Moreover, the costs of chronic underinvestment in housing - lack of social housing, higher rents and house prices - are helping to lock in intergenerational inequality and concentrate savings in bricks and mortar rather than more productive areas.

It's not like the government can't afford to borrow either. As Bloomberg's Jamie Murray points out: "Since the government can borrow for 20 years at close to 2%, it is staggering that the opportunity has not been taken to invest more."

As long as the UK's nominal growth (economic growth plus the inflation rate) is higher than 2% per year - which would be well below its historic average - then that debt would effectively pay for itself.

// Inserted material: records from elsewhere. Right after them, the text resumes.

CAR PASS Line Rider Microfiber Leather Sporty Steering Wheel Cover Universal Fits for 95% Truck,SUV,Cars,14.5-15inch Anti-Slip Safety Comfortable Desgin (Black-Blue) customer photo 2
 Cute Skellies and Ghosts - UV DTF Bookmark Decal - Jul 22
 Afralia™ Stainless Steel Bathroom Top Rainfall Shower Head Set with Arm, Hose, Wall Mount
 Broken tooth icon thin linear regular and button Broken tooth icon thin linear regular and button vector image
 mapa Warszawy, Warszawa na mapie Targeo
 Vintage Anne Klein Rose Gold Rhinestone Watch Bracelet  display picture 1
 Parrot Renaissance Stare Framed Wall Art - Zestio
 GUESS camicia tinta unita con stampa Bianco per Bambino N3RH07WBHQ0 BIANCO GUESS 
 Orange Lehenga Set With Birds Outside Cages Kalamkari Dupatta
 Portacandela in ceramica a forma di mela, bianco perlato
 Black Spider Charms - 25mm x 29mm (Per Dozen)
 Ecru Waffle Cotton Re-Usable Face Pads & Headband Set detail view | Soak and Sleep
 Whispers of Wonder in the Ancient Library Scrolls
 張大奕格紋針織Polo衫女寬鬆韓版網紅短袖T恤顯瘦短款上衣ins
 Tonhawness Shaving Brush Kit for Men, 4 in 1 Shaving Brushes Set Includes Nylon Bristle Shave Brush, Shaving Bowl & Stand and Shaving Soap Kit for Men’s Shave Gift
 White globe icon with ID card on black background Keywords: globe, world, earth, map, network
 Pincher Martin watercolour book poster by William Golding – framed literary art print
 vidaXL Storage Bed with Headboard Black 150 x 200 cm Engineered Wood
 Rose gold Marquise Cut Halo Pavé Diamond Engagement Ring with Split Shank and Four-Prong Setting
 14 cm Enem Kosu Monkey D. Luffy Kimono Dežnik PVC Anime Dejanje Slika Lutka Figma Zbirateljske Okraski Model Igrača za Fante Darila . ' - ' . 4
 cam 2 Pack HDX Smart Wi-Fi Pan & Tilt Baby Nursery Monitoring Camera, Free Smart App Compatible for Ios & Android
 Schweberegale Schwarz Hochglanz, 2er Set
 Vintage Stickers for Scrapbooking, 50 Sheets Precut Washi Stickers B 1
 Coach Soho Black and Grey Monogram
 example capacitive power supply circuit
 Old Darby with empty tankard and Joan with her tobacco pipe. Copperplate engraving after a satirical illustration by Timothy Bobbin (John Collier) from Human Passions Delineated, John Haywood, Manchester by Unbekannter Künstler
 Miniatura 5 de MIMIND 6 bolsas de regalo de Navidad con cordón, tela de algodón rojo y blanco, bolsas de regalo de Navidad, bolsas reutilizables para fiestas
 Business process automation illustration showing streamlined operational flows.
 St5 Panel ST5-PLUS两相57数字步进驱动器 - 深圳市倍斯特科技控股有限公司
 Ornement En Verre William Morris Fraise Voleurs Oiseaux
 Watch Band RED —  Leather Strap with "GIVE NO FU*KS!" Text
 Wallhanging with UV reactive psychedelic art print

It's the closest thing to a free lunch that a government can get (outside of the bizarre world of negative nominal rates in the eurozone).

Yet given the opportunity to tell us that this is what they are planning to do, Labour has come short.

That's a mistake. Low interests rates will not last forever, with the US Federal Reserve under pressure to consider raising interest rates this year in a move that could push up international borrowing costs. The longer they are squandered the bigger the opportunity cost for the UK economy becomes, giving the lie to the parties' claims of having "long term economic plans".

Labour has made a big effort to carve out the investment budget from their spending cuts but now seems embarrassed to admit that they would be comfortable buying in to Britain's future. While they remain so the party will be vulnerable to Conservative attacks that they are claiming to "balance the books" but are still the same old borrow-and-spend Labour.

Ed Miliband needs to make the case for higher public investment as the most responsible way to stabilise the country's finances in the long-term.